* [Recorded information]
☆ ☆ ☆ ☆ ☆

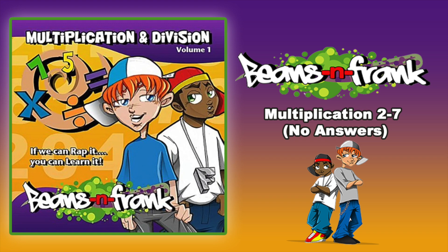I can, I can multiply. Can you, can you multiply? Yes I can multiply, let me see you multiply. 5 x 1 is, 5 x 2 is, 5 x 3 is, 5 x 4 is.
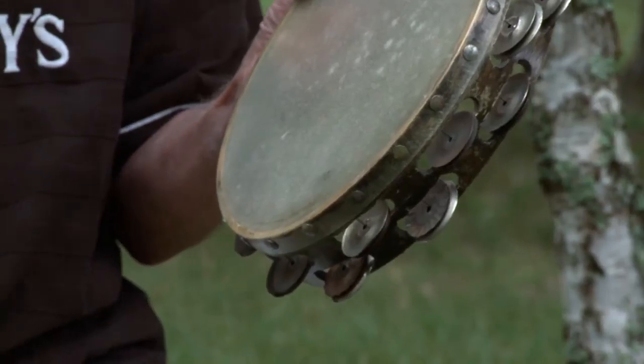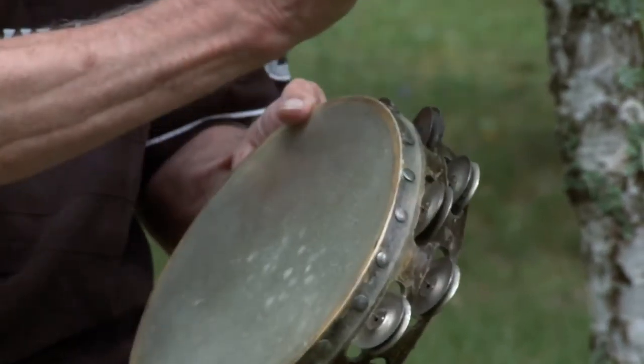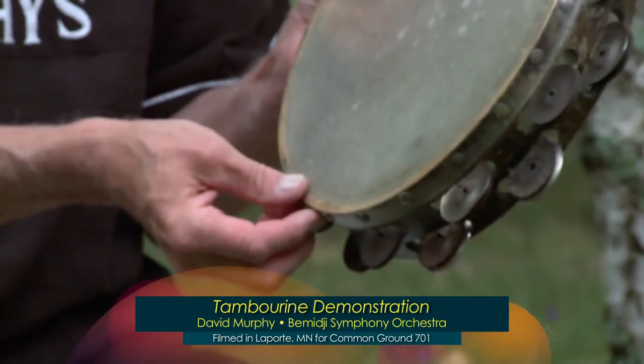Sometimes there are places that you need to roll on the tambourine. If it's a long roll, you end up shaking it. But if it's little short rolls, you wet your thumb — and what looks like it might be easy, that's hard to do and it takes a little bit of practice.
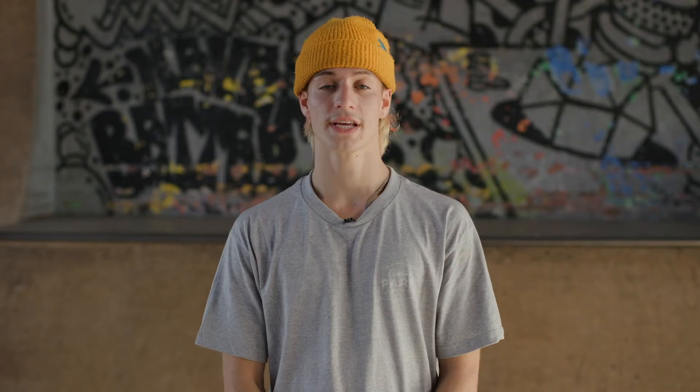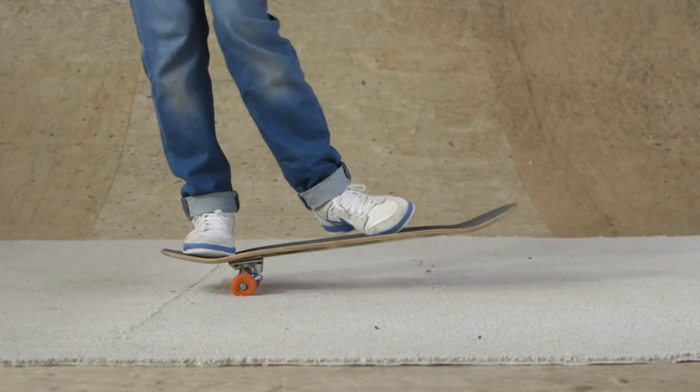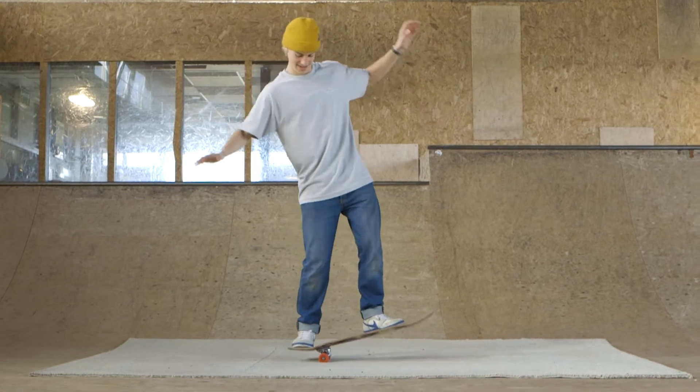A great way to learn and practice manuals is by taking your front truck off and standing on a carpet and working out a really good balance point. This is my favourite foot positioning but expect to adjust your feet to balance.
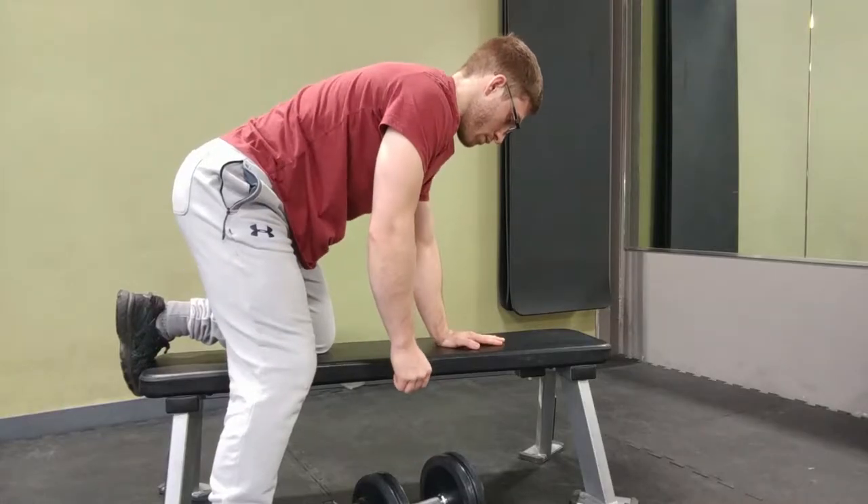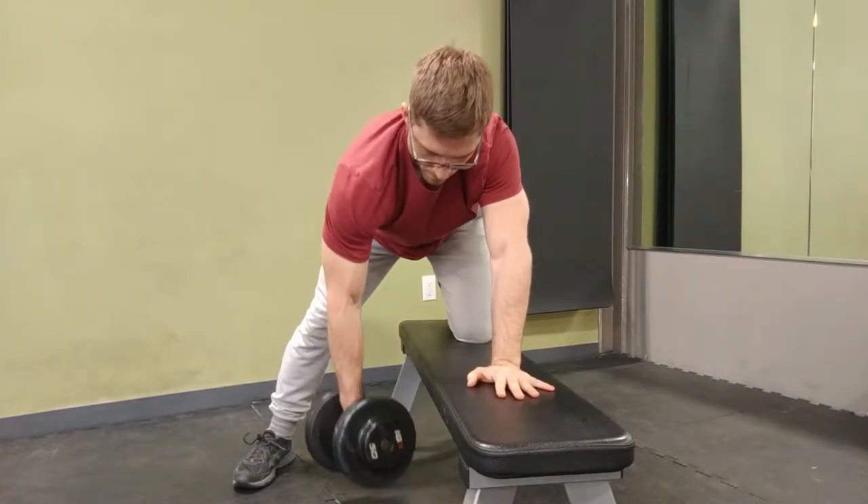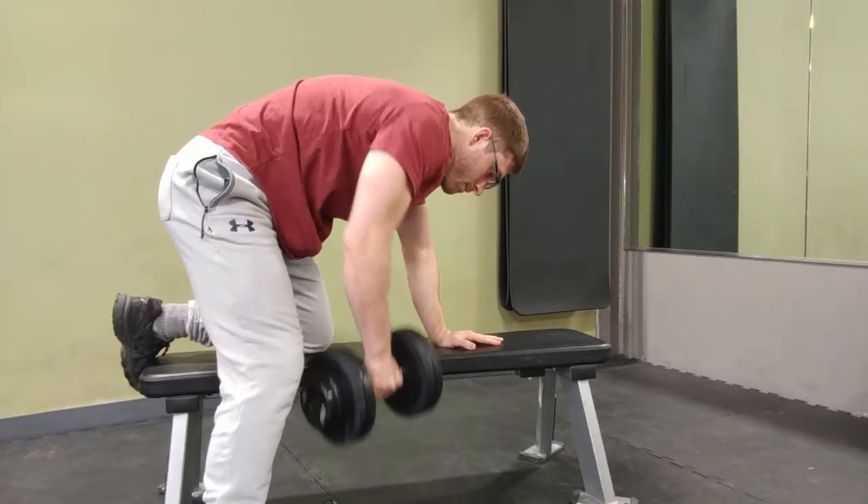So when you're supporting yourself — you got your knee on the bench, your hand on the bench — once you set that straight back and find that nice tilt in your side, it's really easy to start the row by just letting your head fall down toward the ground. Because we're used to that — we're used to looking at computer screens, we're used to wearing glasses, we're used to poking our head forward to see around.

☆ ☆ ☆ ☆ ☆

* [Work item]
Your answer must contain the full data, repeated exactly, without pictures.

* [Response area]
I can, I can multiply. Can you, can you multiply? Yes I can multiply, let me see you multiply. 5 x 1 is, 5 x 2 is, 5 x 3 is, 5 x 4 is.
Sometimes there are places that you need to roll on the tambourine. If it's a long roll, you end up shaking it. But if it's little short rolls, you wet your thumb — and what looks like it might be easy, that's hard to do and it takes a little bit of practice.
A great way to learn and practice manuals is by taking your front truck off and standing on a carpet and working out a really good balance point. This is my favourite foot positioning but expect to adjust your feet to balance.
So when you're supporting yourself — you got your knee on the bench, your hand on the bench — once you set that straight back and find that nice tilt in your side, it's really easy to start the row by just letting your head fall down toward the ground. Because we're used to that — we're used to looking at computer screens, we're used to wearing glasses, we're used to poking our head forward to see around.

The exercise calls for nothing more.